Hey everyone these apps are older but I used them as learning exercises. They are both very simple and both are free with no ads, except one has an ad to the other. I am currently working on my third app which uses things I learned from both of these and other new things I learned.
I figured I would post these now because I just found this awesome site and hope to publish many more apps.

*FinalCalc*
Market Link: https://market.android.com/details?id=com.djrausch.finalcalculator
Market Desp:
Determine what you need on your final!
Calculate what you need on your upcoming final exam to receive a certain grade in a course. Set custom percentages to define an A, B, C, D, E/F. When you calculate what is needed, you can email those results to anyone. You can also save the needed grade to your phone.

Why I made it:
I used this to learn the extremely basic elements of Android app development.

*ThinkLess*
Market Link:https://market.android.com/details?id=com.ThinkLess
Market Desp:
Why think more, when you can ThinkLess?
ThinkLess is a simple daily task manager. By using lists and tasks, your to do list becomes digital and easier to manage.
In addition to the app, there is also a home screen widget that shows your next 5 upcoming tasks.

Why I made it:
I learned slightly more advanced things like Sqlite and different views and other good stuff. This was made because I always forgot what I had to do, and instead of downloading an app, I decided to just write one.
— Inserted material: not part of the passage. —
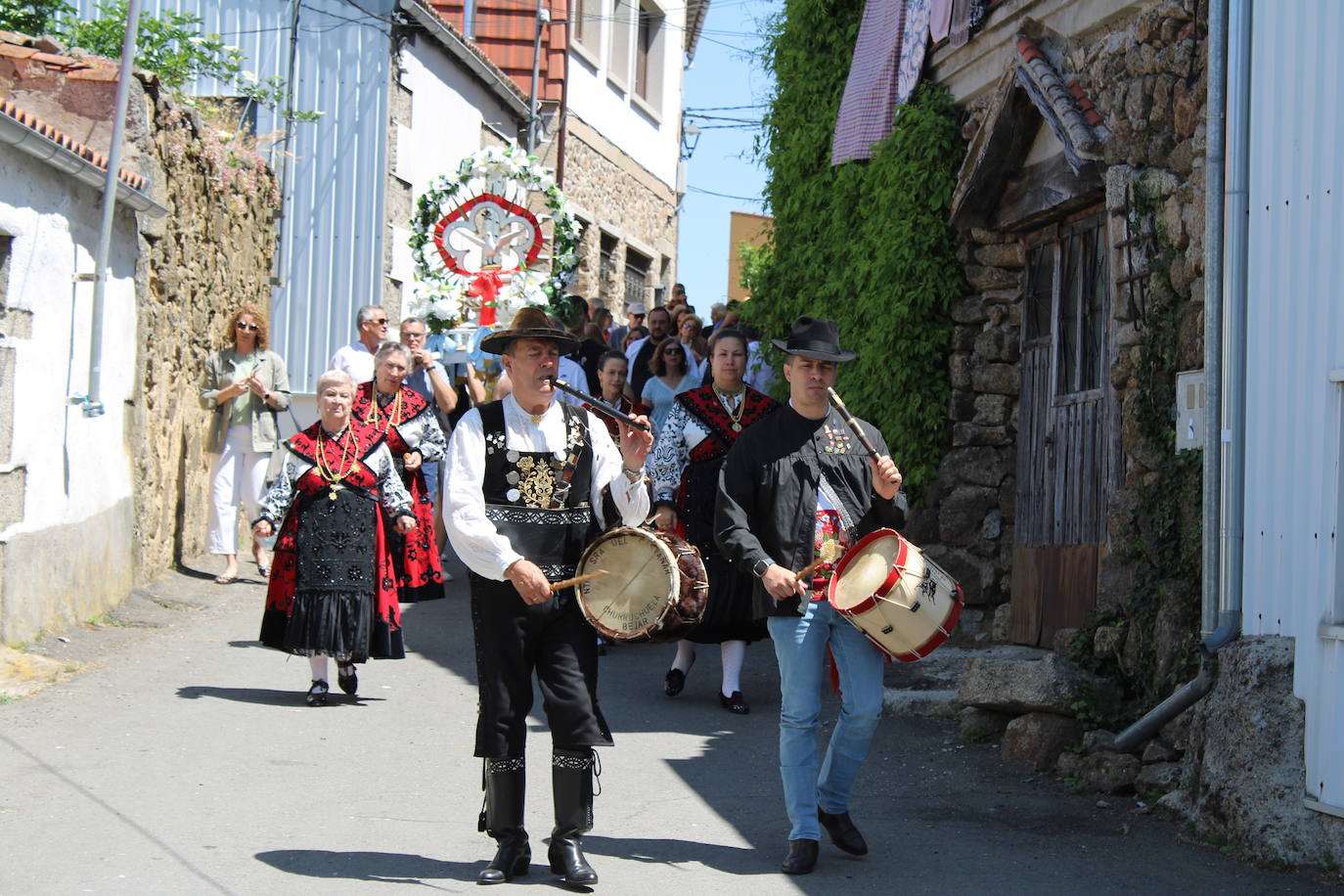 La Hoya honra al Espíritu Santo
It really helped me learn a lot about Android dev.

Let me know what you think of them if you want. Like I said, these are my first two Android apps I made. I'll try to fix any bugs that are reported, but most of my time is concentrated on my new app.

Thanks!


----------



## mcmillanje (Jun 6, 2011)

I don't have a use for finalcalc, but thinkless seems pretty cool. Downloading now.


----------